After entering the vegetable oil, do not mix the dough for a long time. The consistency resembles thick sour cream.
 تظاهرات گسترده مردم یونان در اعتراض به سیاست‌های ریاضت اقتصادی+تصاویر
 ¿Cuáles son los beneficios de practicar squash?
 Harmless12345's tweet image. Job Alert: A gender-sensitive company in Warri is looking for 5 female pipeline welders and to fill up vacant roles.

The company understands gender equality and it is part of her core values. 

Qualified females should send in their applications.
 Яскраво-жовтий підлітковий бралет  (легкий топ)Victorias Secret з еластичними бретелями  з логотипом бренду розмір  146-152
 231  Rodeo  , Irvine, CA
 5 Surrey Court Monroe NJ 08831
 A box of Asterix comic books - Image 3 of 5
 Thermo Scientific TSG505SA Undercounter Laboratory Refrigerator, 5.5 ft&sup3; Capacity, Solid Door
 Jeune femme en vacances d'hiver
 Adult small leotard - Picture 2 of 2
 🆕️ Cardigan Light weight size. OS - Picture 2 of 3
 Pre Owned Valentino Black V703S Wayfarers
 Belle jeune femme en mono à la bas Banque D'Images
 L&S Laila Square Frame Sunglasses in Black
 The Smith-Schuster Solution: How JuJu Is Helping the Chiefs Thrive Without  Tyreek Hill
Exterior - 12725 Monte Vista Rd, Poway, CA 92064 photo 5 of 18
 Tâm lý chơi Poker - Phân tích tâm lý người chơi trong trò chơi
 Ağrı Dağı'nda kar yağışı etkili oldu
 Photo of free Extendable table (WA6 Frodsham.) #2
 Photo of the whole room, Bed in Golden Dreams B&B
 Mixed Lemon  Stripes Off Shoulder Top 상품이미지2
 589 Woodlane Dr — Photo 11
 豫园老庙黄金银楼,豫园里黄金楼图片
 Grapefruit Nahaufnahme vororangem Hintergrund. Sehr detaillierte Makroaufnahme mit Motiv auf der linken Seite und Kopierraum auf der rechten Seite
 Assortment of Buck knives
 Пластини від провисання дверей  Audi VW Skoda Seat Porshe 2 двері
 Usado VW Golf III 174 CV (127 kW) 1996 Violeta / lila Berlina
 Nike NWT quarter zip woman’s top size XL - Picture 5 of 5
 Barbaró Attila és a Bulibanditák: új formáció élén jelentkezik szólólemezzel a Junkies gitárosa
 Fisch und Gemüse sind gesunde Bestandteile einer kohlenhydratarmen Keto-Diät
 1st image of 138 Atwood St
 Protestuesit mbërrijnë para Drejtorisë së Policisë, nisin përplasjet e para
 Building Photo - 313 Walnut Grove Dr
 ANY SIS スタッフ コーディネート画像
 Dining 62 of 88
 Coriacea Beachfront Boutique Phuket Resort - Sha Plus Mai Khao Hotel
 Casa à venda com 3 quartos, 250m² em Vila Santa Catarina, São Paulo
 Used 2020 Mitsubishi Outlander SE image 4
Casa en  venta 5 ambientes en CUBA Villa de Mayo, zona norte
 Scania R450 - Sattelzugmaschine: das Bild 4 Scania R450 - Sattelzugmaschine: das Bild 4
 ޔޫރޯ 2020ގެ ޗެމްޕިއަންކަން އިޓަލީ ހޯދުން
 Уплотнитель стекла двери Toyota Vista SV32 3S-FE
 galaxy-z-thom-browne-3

● To do
In the data above, find the line containing "Dining 62 of 88", then copy it and every later line exactly.

● Result
 Dining 62 of 88
 Coriacea Beachfront Boutique Phuket Resort - Sha Plus Mai Khao Hotel
 Casa à venda com 3 quartos, 250m² em Vila Santa Catarina, São Paulo
 Used 2020 Mitsubishi Outlander SE image 4
Casa en  venta 5 ambientes en CUBA Villa de Mayo, zona norte
 Scania R450 - Sattelzugmaschine: das Bild 4 Scania R450 - Sattelzugmaschine: das Bild 4
 ޔޫރޯ 2020ގެ ޗެމްޕިއަންކަން އިޓަލީ ހޯދުން
 Уплотнитель стекла двери Toyota Vista SV32 3S-FE
 galaxy-z-thom-browne-3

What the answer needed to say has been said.